[Image-caption web data]
————

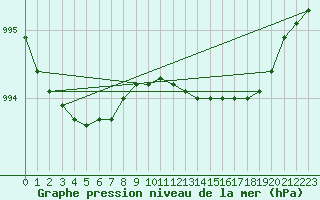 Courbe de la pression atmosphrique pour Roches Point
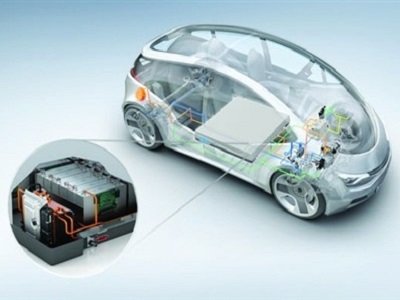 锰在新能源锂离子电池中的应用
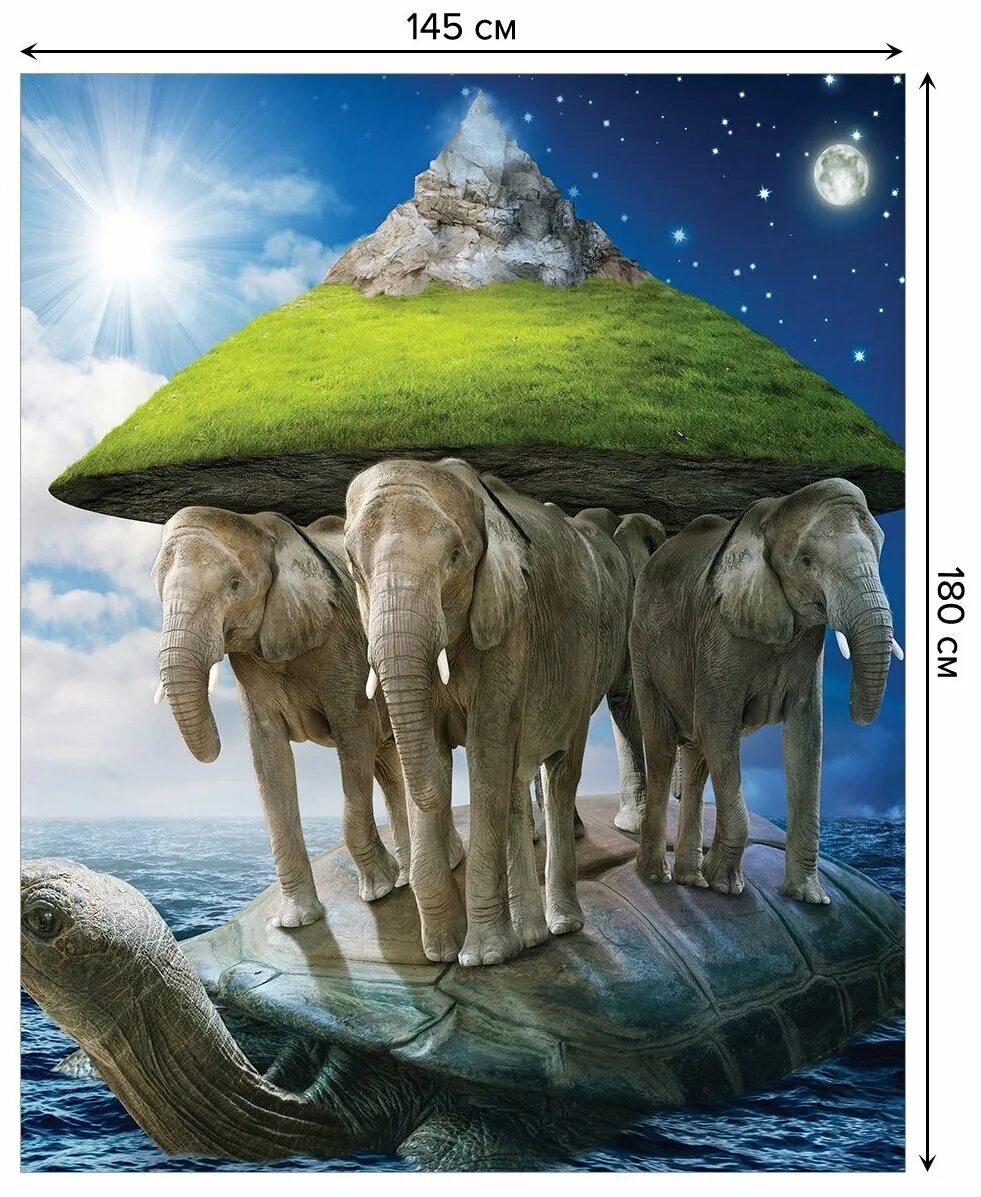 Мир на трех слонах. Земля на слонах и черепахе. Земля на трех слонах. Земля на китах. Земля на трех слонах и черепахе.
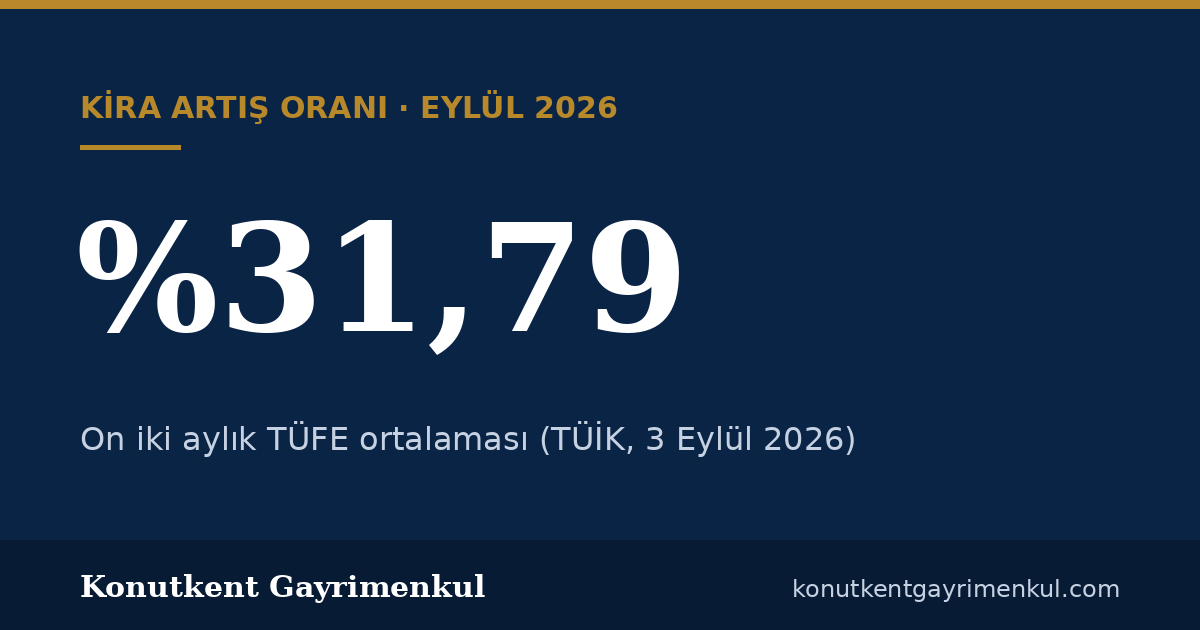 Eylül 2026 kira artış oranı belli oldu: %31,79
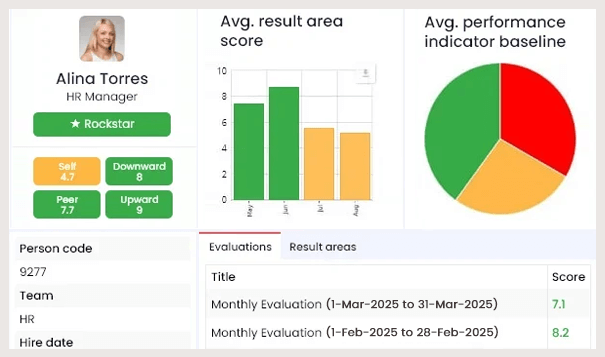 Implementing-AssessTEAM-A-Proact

————

§ **Exercise goal**
Reproduce all entries above exactly, minus the images.

§ **Answer space**
 Courbe de la pression atmosphrique pour Roches Point
 锰在新能源锂离子电池中的应用
 Мир на трех слонах. Земля на слонах и черепахе. Земля на трех слонах. Земля на китах. Земля на трех слонах и черепахе.
 Eylül 2026 kira artış oranı belli oldu: %31,79
 Implementing-AssessTEAM-A-Proact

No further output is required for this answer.